Friday, January 07, 2011

Canada Will Eat Our Lunch! Lower Corp. Taxes!!

How much more information coming from other countries making decisions that will bring them back to prosperity before we here in America will start noticing? These other countries will eat our lunch and drive us into third world status.

Well, I believe this is what our current administration wants - "fundamentally change the way America does business". Barack Obama!

Canada's Competitive Edge
Source: "Canada's Competitive Edge," Wall Street Journal, January 4, 2011.

It was not long ago that Americans viewed Canada as a poorer neighbor with only one competitive advantage -- in hockey. No more: On January 1, Ottawa cut the nation's corporate tax rate to 16.5 percent from 18 percent, compared to the U.S. federal rate of 35 percent, reports the Wall Street Journal.

Canada started cutting corporate taxes in the 1990s under the Liberal government of Paul Martin and has since enjoyed a virtuous cycle of investment, job creation and growth. The trend has continued under Conservative Prime Minister Stephen Harper, who has pledged to take the rate to 15 percent by 2012. Even Canada's Socialist-run provinces have followed suit by lightening the tax burden on business.
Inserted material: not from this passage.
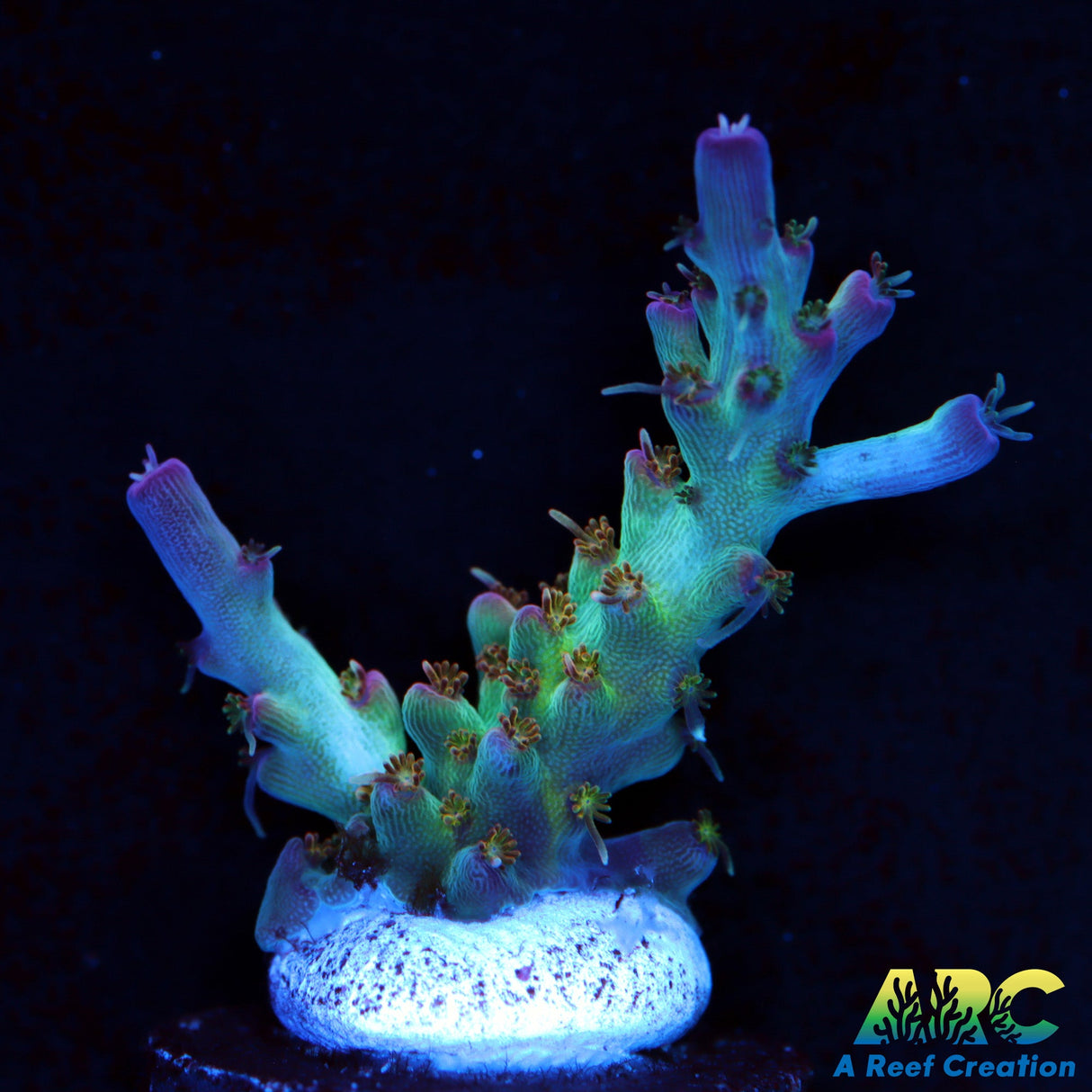 ARC Joe Cool Acro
This is part of a global trend, as noted by a European Commission report.

The European Commission report last year noted that Europe's average corporate tax rate has dropped below 25 percent.
By contrast, the U.S. rate is close to 40 percent if you add state corporate taxes to the federal levy.

Relative levels of taxation matter because companies and investors send capital where it can achieve the highest returns. U.S. companies often pay a lower effective tax rate thanks to loopholes, but the variability leads to economic inefficiency and investment distortions. Low marginal rates have helped the likes of Hong Kong (16.5 percent), Singapore (17 percent) and Ireland (12.5 percent) attract capital, while the high U.S. rate keeps hundreds of billions of dollars from coming to America from offshore, says the Journal.